Murillo et al., present that one cytoprotective mechanism arising in HP stimulates NO production via NOS, which is then oxidized to nitrite in normoxia. During subsequent exposure to ischemic conditions, reduction of nitrite to NO enhances survival. [72] NO has been shown to modulate mitochondrial respiration, a system largely disrupted in ischemic conditions. Its action is presented in figure 2. [78]

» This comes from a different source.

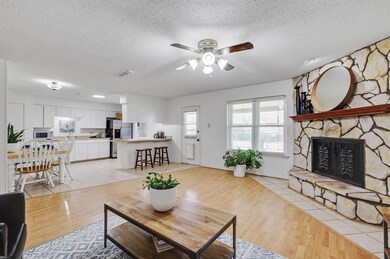 2928 Highgate Ln, Bedford, TX 76021 - photo 7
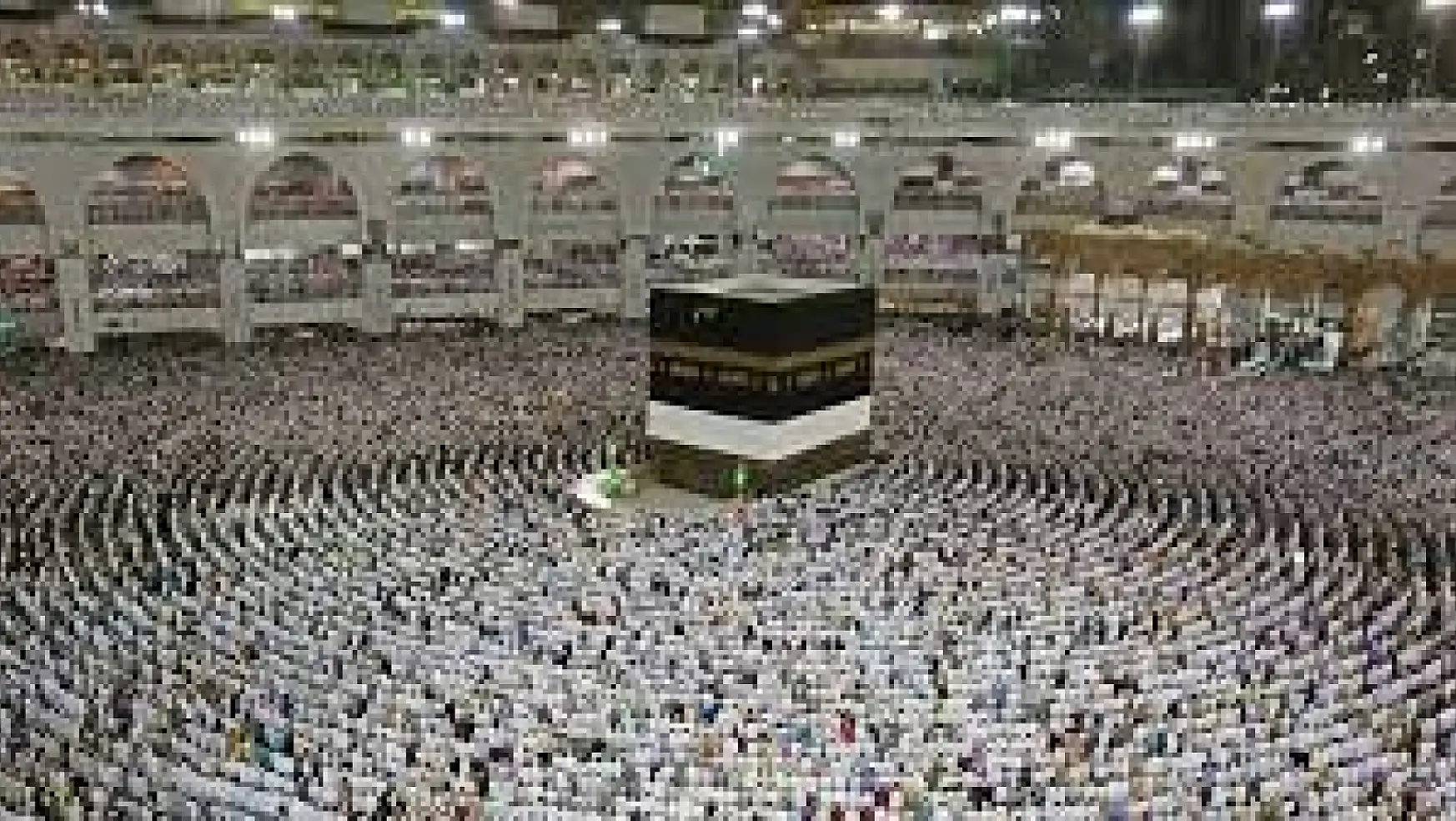 Mekke'de 1,8 milyon hacı, bayram namazı kıldı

It must be noted however that, although this strategy can reduce or prevent oxidative stress in cells, clearance of anaerobic respiration products such as ethanol, and lack of glucose in order to meet energy demands are yet to be addressed.
NO yiangos.png
Figure 2: NO inhibits mitochondrial complex I causing a reduction in electron transfer and subsequently a decreased amount of ROS generation. This prevents oxidative inactivation of mitochondrial complexes I, II, III, IV and aconitase, which prevent the opening of the mitochondrial transition pore and subsequent release of cytochrome c. [78] Complex V maintains its function of proton transport through the membrane.


Conclusion
Despite increasing efforts over the last few years, cell survival of grafts remains a major problem in tissue engineering. Oxygen deprivation, glucose insufficiency and waste accumulation are the major underlying causes. As a result, several strategies have been proposed whereby manipulating the machinery of the cells can enhance their tolerance towards oxygen and glucose deprivation. Induction of hypoxic responses through activation of the HIF pathway using cobalt ions or other hypoxia-mimicking compounds induces complex mechanisms which increase cell survival. Hypoxic or ischemic preconditioning is another strategy that counters cellular death by oxygen deprivation which could be used in conjunction with HIF pathway activation to increase hypoxia-tolerance. In addition, pharmacological treatment of cells to inhibit pro-apoptotic proteins, decrease ROS production or downregulation of cellular metabolism is also highly promising. Although approaches present overlap of mechanisms, the  inability to address increased glucose uptake is a significant hurdle to overcome since perfusion to the cells is not available in engineered grafts. We suggest that future studies on cell survival focus their efforts on elucidating cellular mechanisms that promote cell survival in low glucose environment, and we focus our future outlook towards studying the effects of combined approaches both with regards to combining approaches to counter cell death brought about by lack of oxygen, as well as combining these with strategies to counter the effects of glucose deprivation and waste tolerance.